**YOUR TASK**
Reproduce all of the data exactly as written.

**RECORDS PROVIDED**
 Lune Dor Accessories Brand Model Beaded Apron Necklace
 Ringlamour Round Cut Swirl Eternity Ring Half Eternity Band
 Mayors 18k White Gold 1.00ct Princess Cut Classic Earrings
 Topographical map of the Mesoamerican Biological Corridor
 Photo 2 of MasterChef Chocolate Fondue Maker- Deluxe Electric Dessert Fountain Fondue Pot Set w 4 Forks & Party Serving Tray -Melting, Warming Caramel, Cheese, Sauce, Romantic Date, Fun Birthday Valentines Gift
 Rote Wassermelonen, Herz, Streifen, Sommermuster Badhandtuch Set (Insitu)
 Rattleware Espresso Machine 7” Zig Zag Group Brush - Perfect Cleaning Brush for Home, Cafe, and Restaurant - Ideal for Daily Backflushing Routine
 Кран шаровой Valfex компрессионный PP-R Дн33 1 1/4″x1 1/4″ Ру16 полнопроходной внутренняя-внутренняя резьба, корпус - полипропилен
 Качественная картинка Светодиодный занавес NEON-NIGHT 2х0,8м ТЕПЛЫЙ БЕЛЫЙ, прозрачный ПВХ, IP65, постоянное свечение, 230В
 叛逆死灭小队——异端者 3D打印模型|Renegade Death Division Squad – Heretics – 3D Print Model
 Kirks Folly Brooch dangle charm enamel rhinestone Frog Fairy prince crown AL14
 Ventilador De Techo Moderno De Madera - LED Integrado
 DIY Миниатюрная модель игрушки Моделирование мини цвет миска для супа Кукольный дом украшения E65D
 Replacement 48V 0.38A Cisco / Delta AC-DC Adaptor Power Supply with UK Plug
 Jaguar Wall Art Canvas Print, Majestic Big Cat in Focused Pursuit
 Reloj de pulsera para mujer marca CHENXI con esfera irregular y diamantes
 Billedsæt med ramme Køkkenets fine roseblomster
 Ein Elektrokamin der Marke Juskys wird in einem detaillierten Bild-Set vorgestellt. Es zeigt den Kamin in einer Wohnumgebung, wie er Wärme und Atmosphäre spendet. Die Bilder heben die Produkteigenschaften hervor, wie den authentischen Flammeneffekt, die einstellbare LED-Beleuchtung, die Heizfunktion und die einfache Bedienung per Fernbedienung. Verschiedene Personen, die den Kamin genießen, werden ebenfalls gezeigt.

**REPLY TO THE TASK**
 Lune Dor Accessories Brand Model Beaded Apron Necklace
 Ringlamour Round Cut Swirl Eternity Ring Half Eternity Band
 Mayors 18k White Gold 1.00ct Princess Cut Classic Earrings
 Topographical map of the Mesoamerican Biological Corridor
 Photo 2 of MasterChef Chocolate Fondue Maker- Deluxe Electric Dessert Fountain Fondue Pot Set w 4 Forks & Party Serving Tray -Melting, Warming Caramel, Cheese, Sauce, Romantic Date, Fun Birthday Valentines Gift
 Rote Wassermelonen, Herz, Streifen, Sommermuster Badhandtuch Set (Insitu)
 Rattleware Espresso Machine 7” Zig Zag Group Brush - Perfect Cleaning Brush for Home, Cafe, and Restaurant - Ideal for Daily Backflushing Routine
 Кран шаровой Valfex компрессионный PP-R Дн33 1 1/4″x1 1/4″ Ру16 полнопроходной внутренняя-внутренняя резьба, корпус - полипропилен
 Качественная картинка Светодиодный занавес NEON-NIGHT 2х0,8м ТЕПЛЫЙ БЕЛЫЙ, прозрачный ПВХ, IP65, постоянное свечение, 230В
 叛逆死灭小队——异端者 3D打印模型|Renegade Death Division Squad – Heretics – 3D Print Model
 Kirks Folly Brooch dangle charm enamel rhinestone Frog Fairy prince crown AL14
 Ventilador De Techo Moderno De Madera - LED Integrado
 DIY Миниатюрная модель игрушки Моделирование мини цвет миска для супа Кукольный дом украшения E65D
 Replacement 48V 0.38A Cisco / Delta AC-DC Adaptor Power Supply with UK Plug
 Jaguar Wall Art Canvas Print, Majestic Big Cat in Focused Pursuit
 Reloj de pulsera para mujer marca CHENXI con esfera irregular y diamantes
 Billedsæt med ramme Køkkenets fine roseblomster
 Ein Elektrokamin der Marke Juskys wird in einem detaillierten Bild-Set vorgestellt. Es zeigt den Kamin in einer Wohnumgebung, wie er Wärme und Atmosphäre spendet. Die Bilder heben die Produkteigenschaften hervor, wie den authentischen Flammeneffekt, die einstellbare LED-Beleuchtung, die Heizfunktion und die einfache Bedienung per Fernbedienung. Verschiedene Personen, die den Kamin genießen, werden ebenfalls gezeigt.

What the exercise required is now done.